The programme opened with the Sarabande from Johann Sebastian Bach’s Partita No.4 in D.  Watkins’ sensitivity and restraint were mesmerising, as delicate adjustments of balance, weight and tempo created wistful threads that wove together as if to form a precious tapestry, fragile yet enduring.  An intimate rendering of Errollyn Wallen’s carol ‘Peace on Earth’ brought the recital to a close, the patterning and repetitions at once both soothingly affirmative and suggestive of what Wallen herself has described as ‘the bleakness of winter in a turning, troubled world’.

Claire Seymour

Ruby Hughes (soprano), Huw Watkins (piano)

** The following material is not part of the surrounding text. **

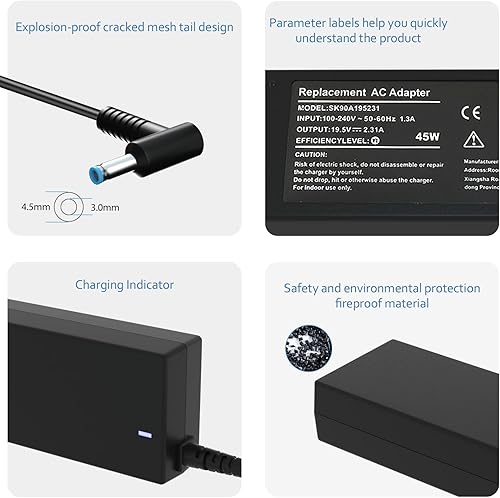 Miniatura 2 de LQM Adaptador de CA de 45W 19.5V 2.31A Cargador de portátil para HP 741727-001 719309-001 719309-003 721092-001 854054-002 740015-002 740015-002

J.S. Bach – Partita No.4 in D BWV828, Sarabande; Henry Purcell – ‘Music for a while’ (from Incidental music for Oedipus, King of Thebes Z583, arranged by Michael Tippett), ‘By beauteous softness mixed with majesty’ (from Now Does the Glorious Day Appear’ (Ode for Queen Mary’s Birthday) Z332, arranged by Thomas Adès); Huw Watkins – Echo; Benjamin Britten – ‘I wonder as I wander’ (based on John Jacob Niles), ‘How sweet the answer’; Deborah Pritchard – ‘The World’; Cheryl Frances-Hoad – ‘Lament’; Errollyn Wallen – ‘Peace on Earth’.

Wigmore Hall, London; Sunday 18th December 2022.